→ ASSIGNMENT: Every line of the material that holds "brown" should be counted; give the number and nothing more.

→ DATASET RECORDS:
┌────────

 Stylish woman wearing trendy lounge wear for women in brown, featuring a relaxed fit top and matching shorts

└────────
┌────────

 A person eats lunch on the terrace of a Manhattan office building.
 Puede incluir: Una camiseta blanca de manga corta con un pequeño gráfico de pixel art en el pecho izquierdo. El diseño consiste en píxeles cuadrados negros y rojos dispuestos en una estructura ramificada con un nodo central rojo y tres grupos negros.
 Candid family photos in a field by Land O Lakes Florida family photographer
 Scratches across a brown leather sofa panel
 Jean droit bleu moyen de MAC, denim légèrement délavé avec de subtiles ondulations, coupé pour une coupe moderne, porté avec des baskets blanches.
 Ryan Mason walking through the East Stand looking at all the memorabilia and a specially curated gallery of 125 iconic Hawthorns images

└────────

→ TASK OUTPUT: 2